Polen hat vor dem Europäischen Gerichtshof Klage gegen mehrere kürzlich verabschiedete Gesetze eingereicht, darunter das Verbot des Verkaufs von Neuwagen mit Verbrennungsmotor ab 2035, die Aktualisierung der Emissionsziele für die einzelnen Mitgliedsländer bis 2030 und den Kohlenstoffgrenzausgleichsmechanismus der EU, was auf eine zunehmende Kontroverse über Nachhaltigkeitsmaßnahmen innerhalb der EU hinweist.
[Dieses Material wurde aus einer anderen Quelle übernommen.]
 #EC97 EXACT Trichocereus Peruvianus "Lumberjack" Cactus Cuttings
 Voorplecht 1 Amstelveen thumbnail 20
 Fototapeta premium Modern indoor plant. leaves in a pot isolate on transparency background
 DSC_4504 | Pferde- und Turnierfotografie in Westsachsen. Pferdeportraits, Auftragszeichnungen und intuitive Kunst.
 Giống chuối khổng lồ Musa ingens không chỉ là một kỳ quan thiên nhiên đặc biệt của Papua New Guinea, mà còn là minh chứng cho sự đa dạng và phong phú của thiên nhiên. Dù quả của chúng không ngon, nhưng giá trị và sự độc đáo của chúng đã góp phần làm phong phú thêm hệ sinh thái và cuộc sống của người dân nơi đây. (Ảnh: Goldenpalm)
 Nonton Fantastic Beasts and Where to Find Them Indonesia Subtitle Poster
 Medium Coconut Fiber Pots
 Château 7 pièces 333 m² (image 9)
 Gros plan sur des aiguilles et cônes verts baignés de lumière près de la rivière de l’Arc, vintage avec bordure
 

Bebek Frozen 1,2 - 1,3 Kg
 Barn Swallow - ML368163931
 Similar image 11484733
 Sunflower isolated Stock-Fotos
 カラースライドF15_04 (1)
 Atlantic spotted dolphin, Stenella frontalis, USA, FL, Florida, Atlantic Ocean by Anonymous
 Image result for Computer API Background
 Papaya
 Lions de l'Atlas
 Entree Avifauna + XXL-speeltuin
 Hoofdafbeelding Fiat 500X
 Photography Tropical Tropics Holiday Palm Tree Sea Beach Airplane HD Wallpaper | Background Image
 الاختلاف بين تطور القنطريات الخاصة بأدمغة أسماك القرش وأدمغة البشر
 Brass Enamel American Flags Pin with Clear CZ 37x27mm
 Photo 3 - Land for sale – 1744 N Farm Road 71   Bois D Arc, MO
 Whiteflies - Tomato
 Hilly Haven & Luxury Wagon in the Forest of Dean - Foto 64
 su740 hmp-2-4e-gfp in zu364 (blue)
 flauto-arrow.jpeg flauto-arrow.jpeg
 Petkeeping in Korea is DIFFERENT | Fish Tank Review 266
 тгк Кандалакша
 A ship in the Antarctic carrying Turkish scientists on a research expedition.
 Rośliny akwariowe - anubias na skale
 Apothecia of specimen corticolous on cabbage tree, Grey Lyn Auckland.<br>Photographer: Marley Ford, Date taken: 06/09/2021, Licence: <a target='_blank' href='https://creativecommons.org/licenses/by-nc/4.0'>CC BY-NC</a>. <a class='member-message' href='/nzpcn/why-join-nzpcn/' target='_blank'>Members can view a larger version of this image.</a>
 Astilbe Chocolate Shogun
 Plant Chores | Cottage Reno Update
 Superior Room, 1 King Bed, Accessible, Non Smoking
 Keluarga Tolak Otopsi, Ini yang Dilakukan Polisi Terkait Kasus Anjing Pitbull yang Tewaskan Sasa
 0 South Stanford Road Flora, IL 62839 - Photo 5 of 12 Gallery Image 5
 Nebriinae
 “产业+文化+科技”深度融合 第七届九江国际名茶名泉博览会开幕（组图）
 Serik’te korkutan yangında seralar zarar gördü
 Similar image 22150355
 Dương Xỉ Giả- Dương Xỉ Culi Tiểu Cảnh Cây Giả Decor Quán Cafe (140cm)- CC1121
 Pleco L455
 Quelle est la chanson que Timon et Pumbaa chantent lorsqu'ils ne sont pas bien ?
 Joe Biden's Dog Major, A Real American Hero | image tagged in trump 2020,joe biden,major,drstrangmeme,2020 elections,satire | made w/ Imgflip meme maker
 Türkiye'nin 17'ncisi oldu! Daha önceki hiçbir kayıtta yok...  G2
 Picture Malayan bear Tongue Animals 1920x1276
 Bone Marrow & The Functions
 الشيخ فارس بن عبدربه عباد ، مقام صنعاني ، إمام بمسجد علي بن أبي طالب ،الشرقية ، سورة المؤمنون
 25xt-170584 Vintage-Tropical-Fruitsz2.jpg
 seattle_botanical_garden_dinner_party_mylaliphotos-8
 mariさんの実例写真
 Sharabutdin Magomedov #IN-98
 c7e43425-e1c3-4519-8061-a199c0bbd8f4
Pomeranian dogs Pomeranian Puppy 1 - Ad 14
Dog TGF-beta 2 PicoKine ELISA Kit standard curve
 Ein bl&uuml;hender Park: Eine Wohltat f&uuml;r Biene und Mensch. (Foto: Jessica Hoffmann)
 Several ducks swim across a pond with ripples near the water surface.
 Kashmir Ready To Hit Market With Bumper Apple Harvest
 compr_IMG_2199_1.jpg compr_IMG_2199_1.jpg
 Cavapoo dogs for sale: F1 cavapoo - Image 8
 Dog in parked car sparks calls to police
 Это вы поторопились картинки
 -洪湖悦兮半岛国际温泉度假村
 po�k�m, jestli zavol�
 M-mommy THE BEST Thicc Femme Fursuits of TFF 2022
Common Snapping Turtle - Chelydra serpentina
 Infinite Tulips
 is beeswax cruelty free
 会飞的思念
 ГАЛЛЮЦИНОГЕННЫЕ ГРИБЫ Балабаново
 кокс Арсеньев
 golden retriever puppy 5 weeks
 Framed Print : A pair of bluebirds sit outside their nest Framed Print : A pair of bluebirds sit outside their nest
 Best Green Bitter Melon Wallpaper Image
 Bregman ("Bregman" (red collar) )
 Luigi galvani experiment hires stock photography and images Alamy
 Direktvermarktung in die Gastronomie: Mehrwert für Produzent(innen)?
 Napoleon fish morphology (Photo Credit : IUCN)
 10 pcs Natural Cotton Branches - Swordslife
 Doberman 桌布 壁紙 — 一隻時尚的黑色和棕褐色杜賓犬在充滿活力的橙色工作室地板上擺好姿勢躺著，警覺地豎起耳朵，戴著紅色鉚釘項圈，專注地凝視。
Die polnische Regierung hat sich in der Vergangenheit generell kritisch zur Klimapolitik geäußert und dies mit der Sorge um steigende Energiekosten und wachsende soziale Ungleichheit begründet.
Ross fordert Straffung
In einem Interview rief die Vorsitzende der ESMA, Verena Ross, zur Zusammenarbeit auf, um den EU-Regelungsrahmen durch Verbesserung der Praktikabilität, Verringerung der Komplexität und die Beseitigung von Unstimmigkeiten zwischen den regulatorischen Anforderungen zu straffen. In einem regulatorischen Umfeld, in dem Unternehmen und Assetmanager gezwungen sind, sich mit einer Vielzahl detaillierter und manchmal widersprüchlicher Rahmenwerke (z.B. Taxonomie, SFDR, CSRD) auseinanderzusetzen, ist dies generell begrüßenswert. Angesichts der üblichen Fristen für Änderungen von EU-Regelungen sind kurzfristige wesentliche Verbesserungen jedoch unwahrscheinlich.